Ehara taku toa, I te toa takitahi engari he toa takatini My strength comes not from myself alone but from the strength of the group
E te whānau, ngā tumuaki o Aotearoa, tēnā koutou katoa
Last night was the culmination of one of the most exciting general election campaigns we have experienced in many years. The voting choices and later coalition decisions boiled down to essentially two options. These were either to retain the status quo or opt for generational change.
For education, I believe that whatever the final choice had been, we needed change and I had asked our former Minister of Education, Hon Nikki Kaye, to address the Government's agenda for education. The Global Reforms we have endured for the past decade had proven to be destructive and unhelpful in improving learning for our young people. I had asked her to stop them. We wanted our quality public education system to be once again positioned at the forefront. Our ability as principals to lead pedagogical programmes in our schools that enhance risk taking, creativity, critical thinking and problem solving through providing a broad and rich curriculum, had to be restored.
More than that, relationships with the ministries and organisations set up to support us in our work also needed to be restored so that we could again enjoy a high trust environment free of high stakes accountability measures and the data obsessions that have plagued us for so long. Instead of measures and standards sitting at the centre of everything, we would place our young people at the centre where they deserve to be.
That the final election result is a Labour led Government in coalition with NZ First and the Greens means that the education policies that will help us achieve these goals are already in place.
I can assure you that as soon as the Prime Minister has announced her Cabinet, we will be meeting with the new Minister of Education to talk about time-frames and plans to dismantle some of the heavy compliance requirements and those aspects of privatisation such as charter schools that have sucked resources and energy from our system.
All of the parties in the new coalition government have promised to either close charter schools immediately or at least phase them out. They have also campaigned on ridding us of national standards and their accountability function as measures of school performance.
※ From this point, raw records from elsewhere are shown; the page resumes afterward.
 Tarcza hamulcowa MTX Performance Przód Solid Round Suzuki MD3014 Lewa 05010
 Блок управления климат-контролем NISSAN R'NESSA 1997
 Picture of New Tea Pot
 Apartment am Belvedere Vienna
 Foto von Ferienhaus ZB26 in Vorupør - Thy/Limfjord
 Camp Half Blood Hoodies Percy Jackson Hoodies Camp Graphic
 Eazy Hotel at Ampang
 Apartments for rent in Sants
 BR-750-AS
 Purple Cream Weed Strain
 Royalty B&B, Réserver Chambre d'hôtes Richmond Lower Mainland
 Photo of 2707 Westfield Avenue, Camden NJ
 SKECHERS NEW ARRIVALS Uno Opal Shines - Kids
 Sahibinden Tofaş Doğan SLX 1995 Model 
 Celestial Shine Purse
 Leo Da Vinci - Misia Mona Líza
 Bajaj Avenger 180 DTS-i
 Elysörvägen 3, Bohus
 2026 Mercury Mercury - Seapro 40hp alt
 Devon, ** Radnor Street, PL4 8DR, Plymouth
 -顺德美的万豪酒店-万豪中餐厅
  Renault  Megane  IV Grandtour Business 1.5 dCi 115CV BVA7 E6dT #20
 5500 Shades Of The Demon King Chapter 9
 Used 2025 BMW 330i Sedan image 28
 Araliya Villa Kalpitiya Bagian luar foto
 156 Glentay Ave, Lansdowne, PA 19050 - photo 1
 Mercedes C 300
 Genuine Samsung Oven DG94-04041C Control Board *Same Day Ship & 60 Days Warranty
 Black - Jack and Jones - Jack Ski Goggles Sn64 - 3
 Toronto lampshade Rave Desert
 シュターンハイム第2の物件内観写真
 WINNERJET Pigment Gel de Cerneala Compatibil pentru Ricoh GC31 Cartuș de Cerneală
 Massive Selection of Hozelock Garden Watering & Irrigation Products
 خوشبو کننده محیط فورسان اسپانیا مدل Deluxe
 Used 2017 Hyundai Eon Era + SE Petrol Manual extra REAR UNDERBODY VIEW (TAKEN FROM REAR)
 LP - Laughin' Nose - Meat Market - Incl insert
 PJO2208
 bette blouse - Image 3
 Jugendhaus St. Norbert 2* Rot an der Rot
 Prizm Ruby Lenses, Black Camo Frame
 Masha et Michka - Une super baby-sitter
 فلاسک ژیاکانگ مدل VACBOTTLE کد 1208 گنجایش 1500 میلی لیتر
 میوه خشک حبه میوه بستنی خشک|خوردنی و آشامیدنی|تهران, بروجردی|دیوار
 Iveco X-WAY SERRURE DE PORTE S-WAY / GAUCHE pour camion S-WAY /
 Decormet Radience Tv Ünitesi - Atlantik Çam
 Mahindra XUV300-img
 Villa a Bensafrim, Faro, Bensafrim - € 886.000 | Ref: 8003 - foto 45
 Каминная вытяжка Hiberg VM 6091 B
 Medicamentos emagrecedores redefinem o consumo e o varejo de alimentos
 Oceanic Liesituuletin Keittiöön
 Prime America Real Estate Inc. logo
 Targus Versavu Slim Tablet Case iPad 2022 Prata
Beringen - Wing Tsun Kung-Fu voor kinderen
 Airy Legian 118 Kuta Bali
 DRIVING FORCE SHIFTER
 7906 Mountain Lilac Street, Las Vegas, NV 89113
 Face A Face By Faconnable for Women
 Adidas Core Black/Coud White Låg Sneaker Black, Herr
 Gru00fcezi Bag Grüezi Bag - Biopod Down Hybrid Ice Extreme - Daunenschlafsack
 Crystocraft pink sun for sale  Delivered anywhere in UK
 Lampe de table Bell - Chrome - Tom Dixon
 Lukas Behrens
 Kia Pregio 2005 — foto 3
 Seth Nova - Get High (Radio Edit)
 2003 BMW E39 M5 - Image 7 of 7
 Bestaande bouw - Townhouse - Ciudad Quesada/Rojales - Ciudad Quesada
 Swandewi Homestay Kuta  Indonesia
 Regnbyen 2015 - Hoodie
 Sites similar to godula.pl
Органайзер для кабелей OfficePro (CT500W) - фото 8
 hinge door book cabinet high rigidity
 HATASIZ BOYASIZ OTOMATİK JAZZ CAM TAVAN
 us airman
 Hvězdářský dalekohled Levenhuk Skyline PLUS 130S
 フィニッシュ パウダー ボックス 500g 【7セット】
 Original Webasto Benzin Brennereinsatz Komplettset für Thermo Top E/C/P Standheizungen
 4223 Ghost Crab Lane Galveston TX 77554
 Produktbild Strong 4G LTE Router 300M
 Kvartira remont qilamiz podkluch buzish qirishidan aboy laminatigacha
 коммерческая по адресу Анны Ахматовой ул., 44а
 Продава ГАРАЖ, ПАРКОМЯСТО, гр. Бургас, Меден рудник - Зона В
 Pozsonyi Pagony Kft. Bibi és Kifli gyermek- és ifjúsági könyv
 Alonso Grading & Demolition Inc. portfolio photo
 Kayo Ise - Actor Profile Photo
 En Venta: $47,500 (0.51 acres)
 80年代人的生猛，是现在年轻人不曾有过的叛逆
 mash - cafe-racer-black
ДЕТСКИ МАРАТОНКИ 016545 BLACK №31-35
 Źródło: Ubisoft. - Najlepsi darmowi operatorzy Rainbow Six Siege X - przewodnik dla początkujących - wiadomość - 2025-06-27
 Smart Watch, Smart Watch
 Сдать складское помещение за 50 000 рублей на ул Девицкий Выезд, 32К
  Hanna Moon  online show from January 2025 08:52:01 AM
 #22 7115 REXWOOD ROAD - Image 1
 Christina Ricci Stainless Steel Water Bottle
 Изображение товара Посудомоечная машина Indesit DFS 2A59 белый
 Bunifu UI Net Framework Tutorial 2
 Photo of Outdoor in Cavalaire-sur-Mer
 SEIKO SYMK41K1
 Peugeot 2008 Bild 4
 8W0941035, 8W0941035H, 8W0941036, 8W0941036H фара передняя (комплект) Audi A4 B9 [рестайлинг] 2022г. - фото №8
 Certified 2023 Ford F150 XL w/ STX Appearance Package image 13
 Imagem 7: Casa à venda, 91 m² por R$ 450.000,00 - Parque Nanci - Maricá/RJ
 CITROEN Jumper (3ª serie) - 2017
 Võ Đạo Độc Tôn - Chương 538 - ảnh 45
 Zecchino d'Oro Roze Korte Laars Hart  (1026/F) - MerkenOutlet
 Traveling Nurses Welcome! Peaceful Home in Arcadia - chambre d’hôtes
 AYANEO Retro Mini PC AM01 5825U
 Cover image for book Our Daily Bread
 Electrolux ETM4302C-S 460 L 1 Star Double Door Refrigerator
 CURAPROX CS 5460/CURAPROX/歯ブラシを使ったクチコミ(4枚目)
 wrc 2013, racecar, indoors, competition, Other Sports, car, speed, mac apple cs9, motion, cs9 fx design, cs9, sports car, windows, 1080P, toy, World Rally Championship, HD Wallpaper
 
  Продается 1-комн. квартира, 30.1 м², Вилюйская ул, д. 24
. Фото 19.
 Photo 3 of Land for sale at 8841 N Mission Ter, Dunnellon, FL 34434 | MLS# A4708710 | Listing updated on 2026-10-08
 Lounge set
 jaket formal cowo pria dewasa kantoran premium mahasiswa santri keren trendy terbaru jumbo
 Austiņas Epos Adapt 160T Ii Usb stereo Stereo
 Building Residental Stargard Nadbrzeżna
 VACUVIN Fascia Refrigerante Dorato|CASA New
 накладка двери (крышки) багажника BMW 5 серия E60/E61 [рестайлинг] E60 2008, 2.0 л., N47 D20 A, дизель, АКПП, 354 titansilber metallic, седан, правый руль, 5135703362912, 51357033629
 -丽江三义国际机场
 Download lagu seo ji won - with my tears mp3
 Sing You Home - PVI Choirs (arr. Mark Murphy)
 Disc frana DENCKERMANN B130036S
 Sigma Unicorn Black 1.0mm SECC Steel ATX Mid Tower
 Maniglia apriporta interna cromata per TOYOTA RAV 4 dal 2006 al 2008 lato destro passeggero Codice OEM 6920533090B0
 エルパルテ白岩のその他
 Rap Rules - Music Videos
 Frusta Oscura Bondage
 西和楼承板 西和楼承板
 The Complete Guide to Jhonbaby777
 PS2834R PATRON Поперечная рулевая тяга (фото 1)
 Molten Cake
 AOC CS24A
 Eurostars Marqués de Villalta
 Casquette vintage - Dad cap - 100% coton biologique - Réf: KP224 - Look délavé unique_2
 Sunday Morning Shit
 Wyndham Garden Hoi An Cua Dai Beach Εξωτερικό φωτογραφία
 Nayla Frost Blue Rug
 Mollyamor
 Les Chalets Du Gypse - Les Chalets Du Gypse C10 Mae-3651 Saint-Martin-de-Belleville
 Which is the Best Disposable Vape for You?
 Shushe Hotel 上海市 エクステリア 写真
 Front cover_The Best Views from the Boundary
Perhaps most encouraging of all is that the parties of the new coalition have all said that they welcome the profession's input and advice . We will advocate for policies that work for you, as leaders of your schools and also for your young people. We will also support the politicians in their policy development as the new Government takes New Zealand's education system forward. Together we will build a strong, resilient and high functioning system, within which all of our young people will have fun and a fair chance of success.